Dell quietly launched a public cloud storage service in partnership with Nirvanix and, while Dell says it is working on a channel program around the offering, it's not clear when it will launch.
Dell posted information on its website about the new offering, which has been given the catchy name Dell Cloud Storage with Nirvanix -- Public Service (kind of rolls right off the tongue, doesn't it?).
Dave Hiechel, president and CEO of Eagle Software, a Salina, Kan.-based Dell storage partner, found it odd that Dell, with its deep roster of storage products, would need a partner to deliver such a service. "It's pretty funny to see a storage vendor partner with someone else on a storage cloud," he told CRN.
A Hewlett-Packard employee is facing bribery charges in Germany after an investigation of a $45 million IT contract with the Russian government turned up evidence of potential misconduct, according to HP's recent 10-Q filing. HP isn't facing charges itself, but in 2010, the SEC and DOJ investigated HP's German subsidiary for bribery, embezzlement and tax evasion related to a $44.5 million contract with the Office of the Prosecutor General of the Russian Federation.
Sophos endured some embarrassment after releasing a malware update that detected and labeled itself as malicious, triggering false positives for many customers and, most likely, a flurry of emails from bewildered IT staff. Sophos offered a mea culpa and says it's investigating.
"We would like to apologize for all of the disruption caused to our many customers and partners worldwide. We recognize the issue is very serious, and are doing everything we can to resolve it," Sophos said in a bulletin issued this week.
Virgin Mobile USA has fixed its login page, but only after an independent software developer went public with a potentially major security flaw that could have put its 6 million customers at risk.

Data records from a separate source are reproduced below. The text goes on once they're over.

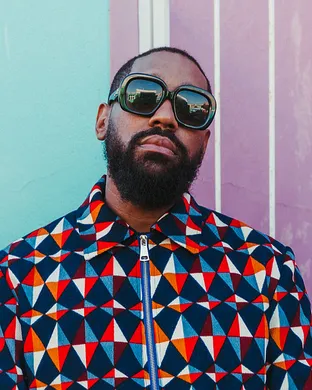 PJ Morton Detroit
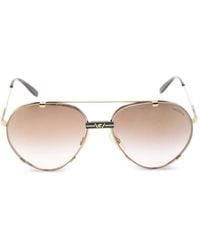 Carrera - Pilot-Frame Sunglasses - Lyst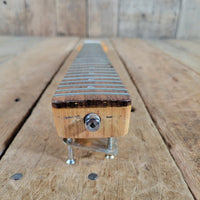 Teisco 1960s Neck with Logo, String Tree, Neck Plate and Screws - Mahar's Vintage Guitars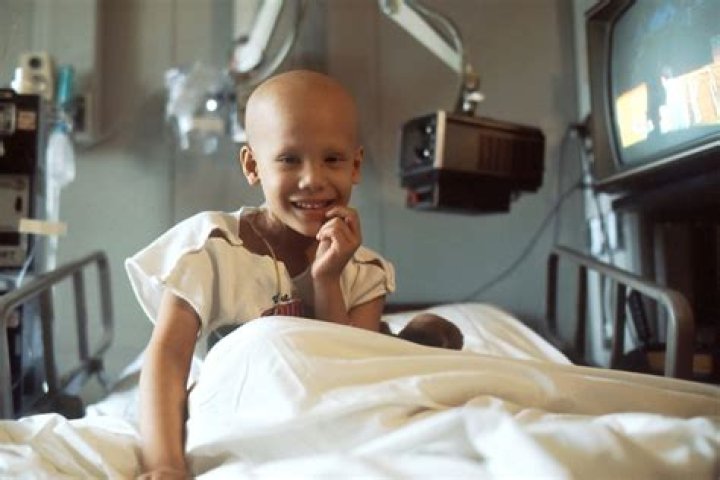Can kids be around someone having chemo?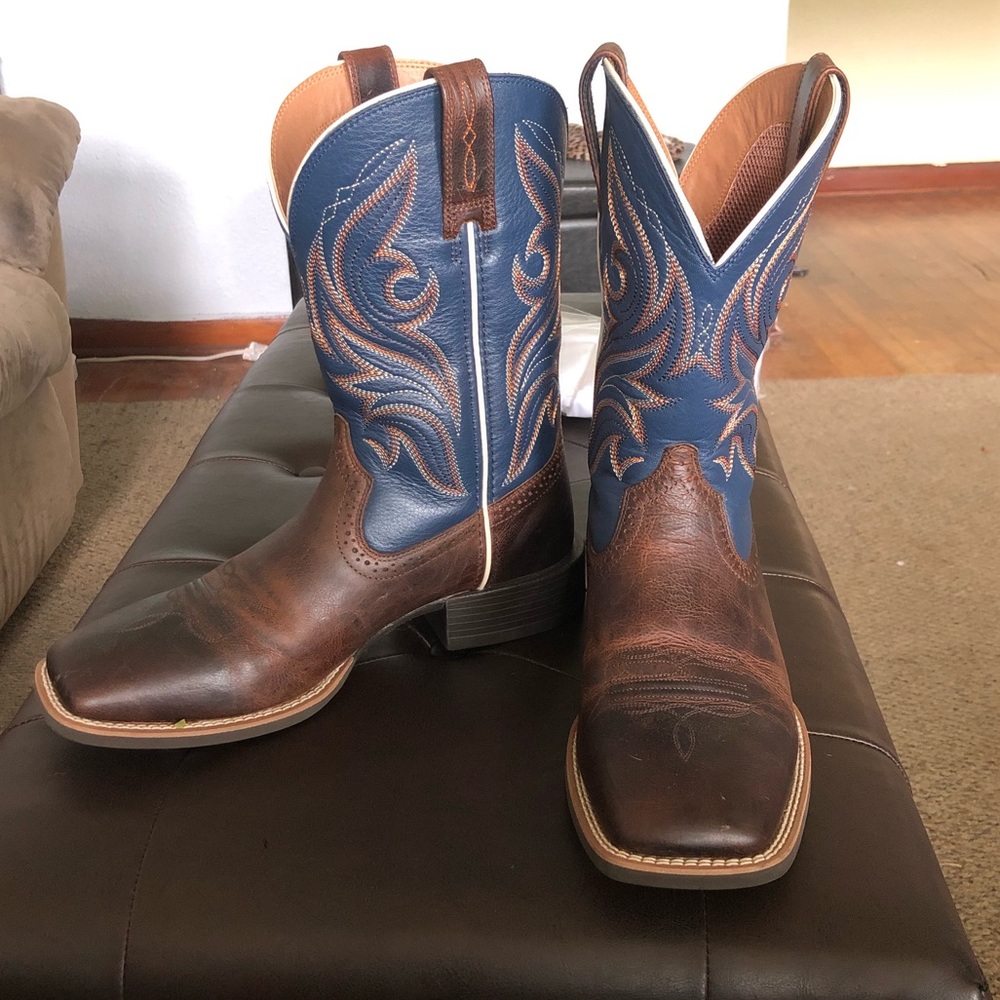 Ariat boots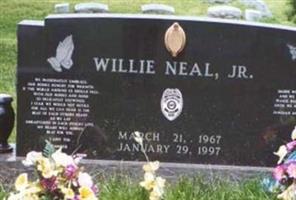 Willie Neal, Jr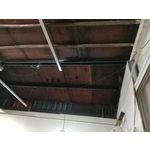 屋頂補牆加天花板 - 富祥鋼鋁企業社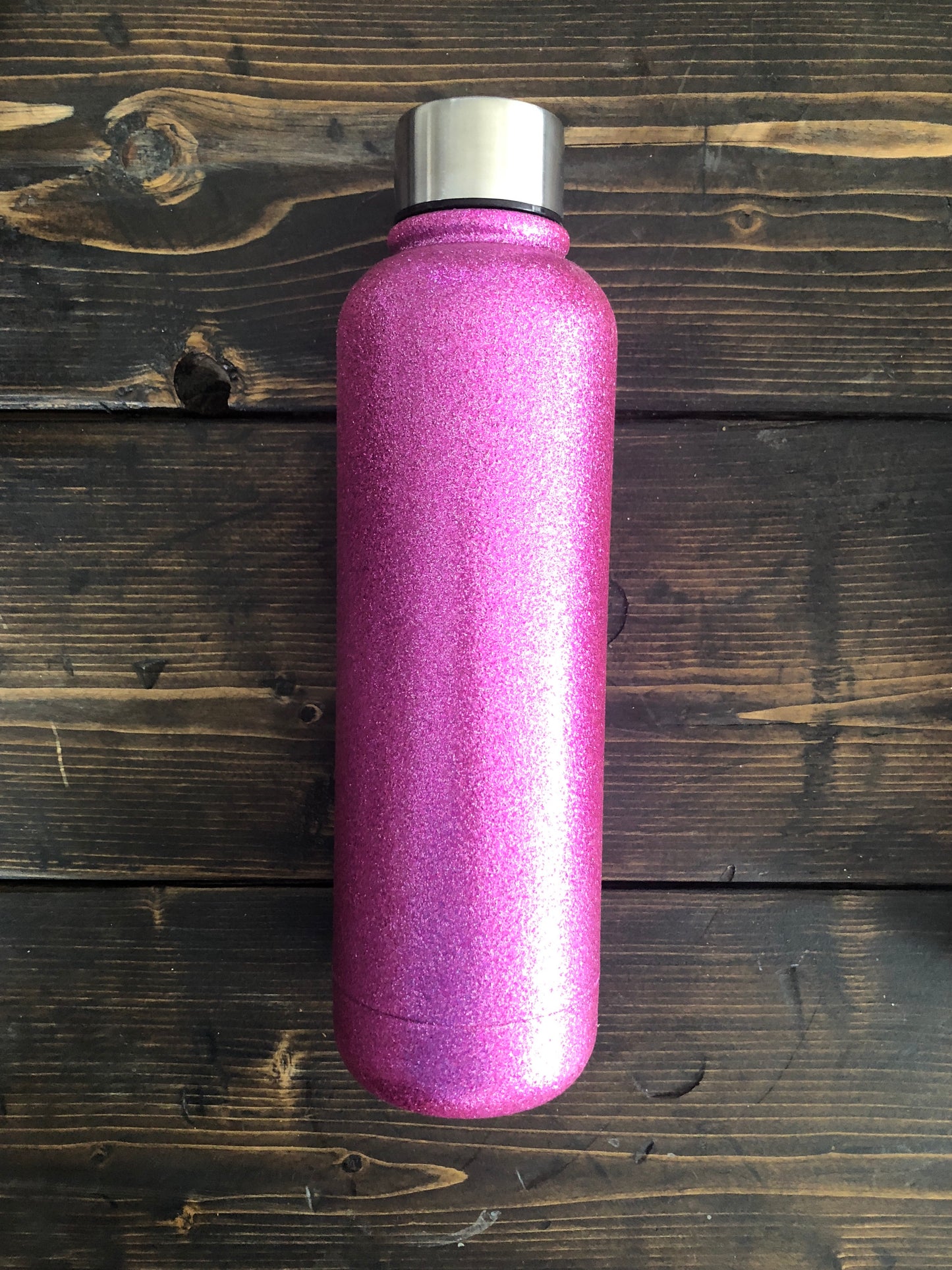 I have a good heart water bottle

As noted by Kevin Burke, a California-based software developer, Virgin Mobile was using a system in which customers were required to enter only a six-digit PIN to log into their accounts, which would have made it easy for hackers to guess. Burke reported this to Virgin Mobile a month ago, but the company said it wasn't an issue, so he went public on his personal blog and Twitter.
"This is horribly insecure. Compare a six-digit number with a randomly generated eight-letter password containing uppercase letters, lowercase letters and digits -- the latter has 218,340,105,584,896 possible combinations. It is trivial to write a program that checks all million possible password combinations, easily determining anyone's PIN inside of one day," Burke said in a blog post.